Sister André, French nun who was the world’s oldest person, dies at 118

Some people are blessed with extraordinarily long lives, and a lucky few even get to hold the record for the world’s oldest living person. These super seniors are a link to a long-ago past that few others remember, and an inspiration to us all.

Sadly, the previous record holder has now passed on: Sister André, a French nun, has died at the age of 118.

Sister André was born on February 11, 1904 as Lucile Randon, but changed her name when she became a nun in 1944, according to Guinness World Records.

In addition to her decades of religious service, she also worked as a teacher, a governess, looked after children during World War II, and spent 28 years working with orphans and the elderly at a hospital in Vichy.

But most of her life has been devoted to service as a Catholic nun, residing in Toulon in the Provence-Alpes-Cote d’Azur region of France.
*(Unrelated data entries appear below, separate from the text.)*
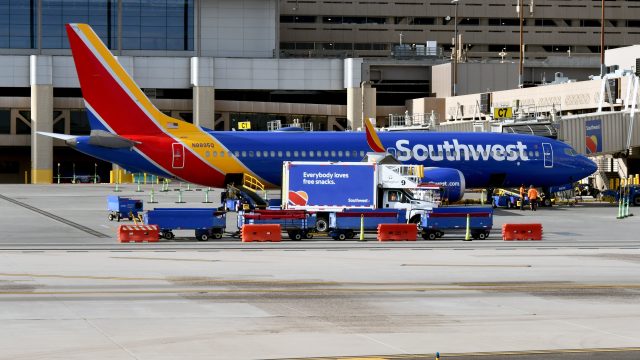 Southwest Airlines Launches First Flight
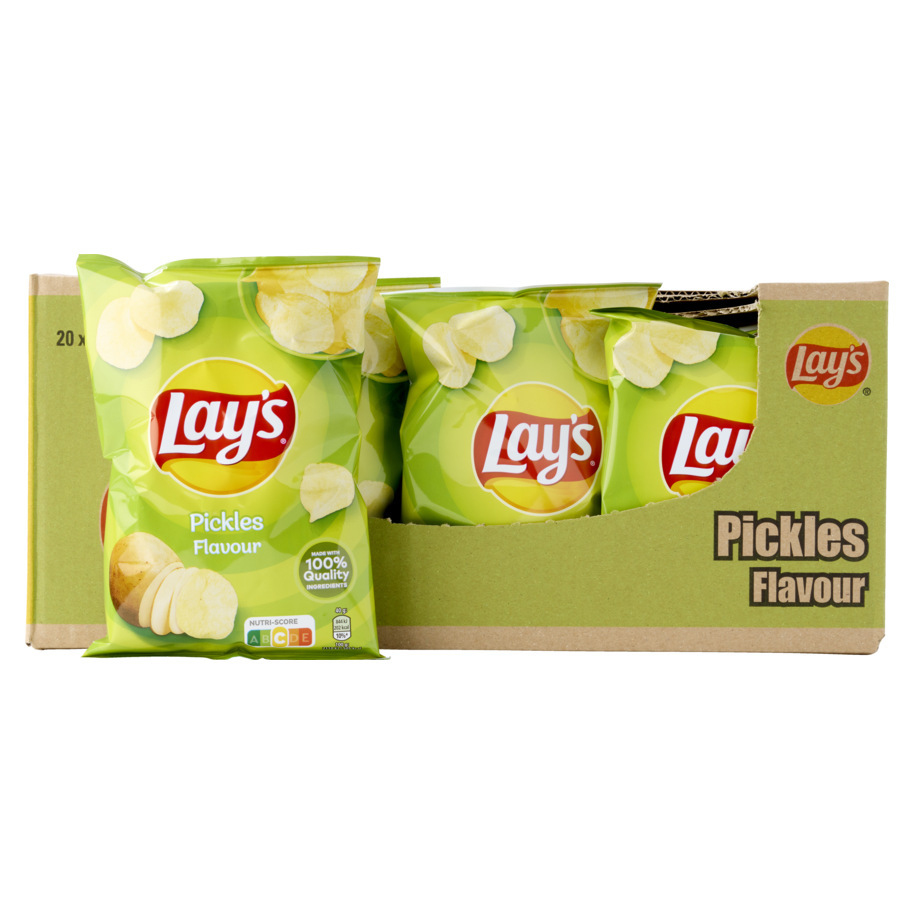 LAY'S CHIPS PICKLES 40G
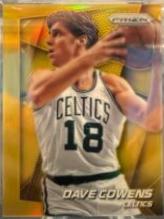 Dave Cowens [Gold Prizm] #217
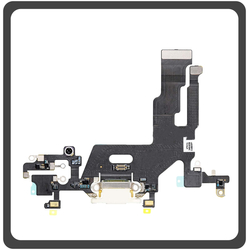 &Gamma;&nu;ή&sigma;&iota;&alpha; Original For iPhone 11, iPhone11 (A2221, A2111), Charging Dock Connector Lightning Flex With Board &Kappa;&alpha;&lambda;&omega;&delta;&iota;&omicron;&tau;&alpha;&iota;&nu;ί&alpha; &Kappa;&omicron;&nu;έ&kappa;&tau;&omicron;&rho;&alpha;&sigmaf; &Phi;ό&rho;&tau;&iota;&sigma;&eta;&sigmaf; + Microphone &Mu;&iota;&kappa;&rho;ό&phi;&omega;&nu;&omicron; White Ά&sigma;&pi;&rho;&omicron; Pulled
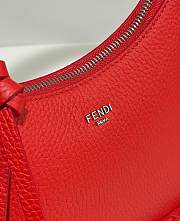 Kitlife Fendi Red Mini Fendessence Logo Plaque Tote Bag - 27x7x20.5cm - 6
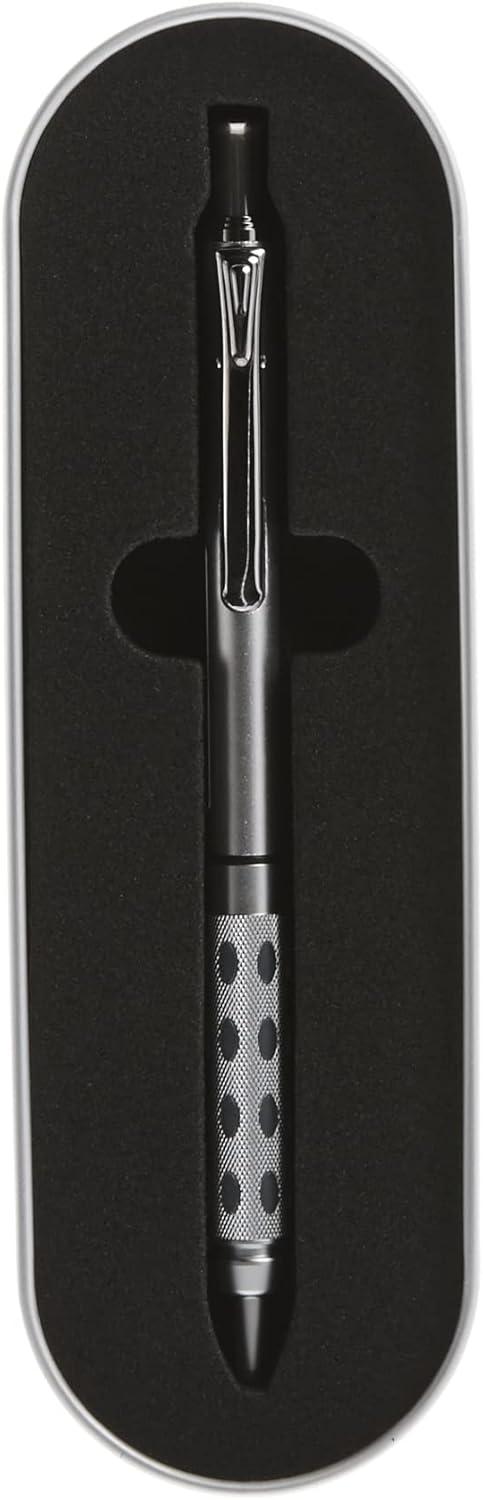 image:imagePentel Graph Gear 1000 Automatic Drafting Pencil 05mm Lead Size Brushed Metal Barrel 1 Each PG1015A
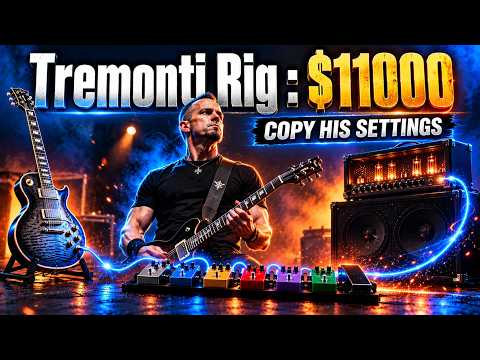 Mark Tremonti’s Rig setup: Every Pedal configuration, One by One #marktremonti #rigsetup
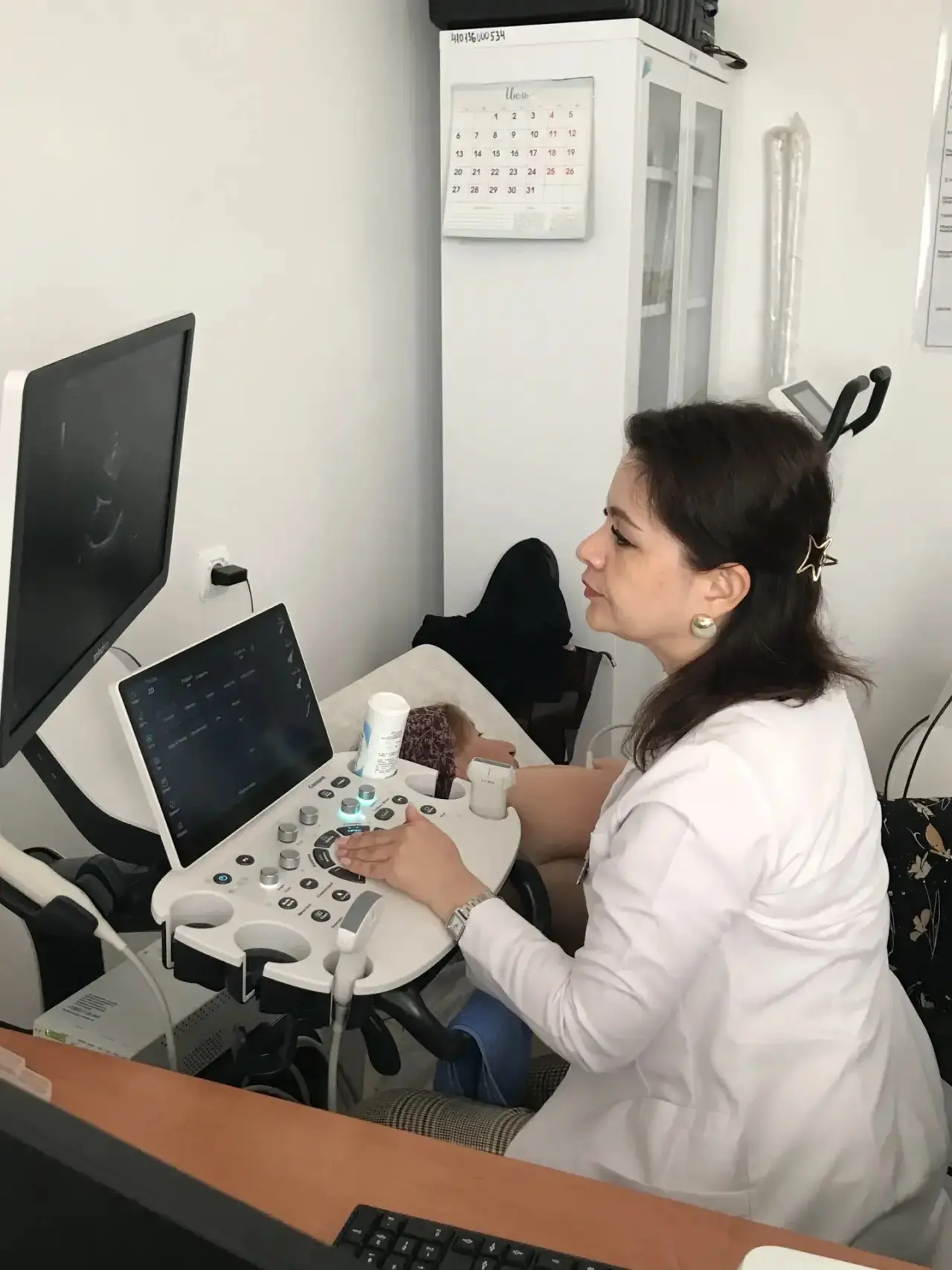 В субботу сотрудниками кабинета медицинской профилактики районной поликлиники было организовано меро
She was named an honorary citizen in 2019.

As Sister André aged well past 100, she began to set a number of world records. She was the world’s oldest living nun, and received a personal letter and rosary from Pope Francis.

In 2021, she made headlines after contracting COVID-19. While the coronavirus is especially serious for the elderly, Sister André survived and recovered in about three weeks, just before her 117th birthday.

Despite that ordeal, the nun said she wasn’t afraid to die. “She kept telling me, ‘I’m not afraid of Covid because I’m not afraid of dying,’” David Tavella, a spokesman at her nursing home,, said in an interview at the time, according to the New York Times.

She was the world’s oldest COVID-19 survivor, and is notably one of the few people to have lived through two pandemics, having survived the Spanish flu of 1918.

And in April 2022, she received the Guinness World records as the oldest person living (female) and oldest person living, after the death of previous record holder Kane Tanaka of Japan.

Sister André was said to have a “bright outlook on life” and enjoyed a “daily diet of wine and chocolate,” according to Guinness editor-in-chief Craig Glenday.

Sister André died on January 18, just weeks before her 119th birthday. But no one can say that she didn’t live a long, full life.

By the end, she was in a wheelchair and blind, and had made peace with death, expressing a desire to be with her brother, who had died.

“There is great sadness but… it was her desire to join her beloved brother. For her, it’s a liberation,” Tavella told AFP.

“How incredible that we shared the same air as someone who was born just a couple of months after the Wright Brothers’ first powered flight – and a few months before the New York subway system opened,” wrote Craig Glenday in a tribute. “We’d only had two Olympics Games by the time she was born in 1904, and only one Tour de France. Teddy Roosevelt was US President and Alfred Balfour was British Prime Minister!”

“It’s difficult to fathom that someone born before the patenting of plastic, zips or even bras was alive well into the 21st century, and robust enough to beat COVID-19,” he added.

Glenday said that Sister André was determined to set the all-time oldest-person record, topping fellow Frenchwoman Jean Calment, who still holds the record at 122 years and 164 days. Sister André was about three years short of the all-time record.

Still, she can rest in peace knowing that she lived a very long life helping others, and will go down as the fourth oldest person in history.

“While she may not have reached quite so advanced an age as her 122-year-old counterpart, she nevertheless lived a remarkably long and varied life. It’s been an honour to record her story in the pages of the Guinness World Records book,” Glenday wrote.

In the course of her life, Sister André witnessed a lot of heartbreak and suffering in the world: “Since I came into this world, I have only seen wars and fights,” Sister André said in an interview around her 118th birthday.

And near the end, she offered a plea for peace in the world: “People should help each other and love each other instead of hating,” she told journalists, per AFP. “If we shared all that, things would be a lot better.”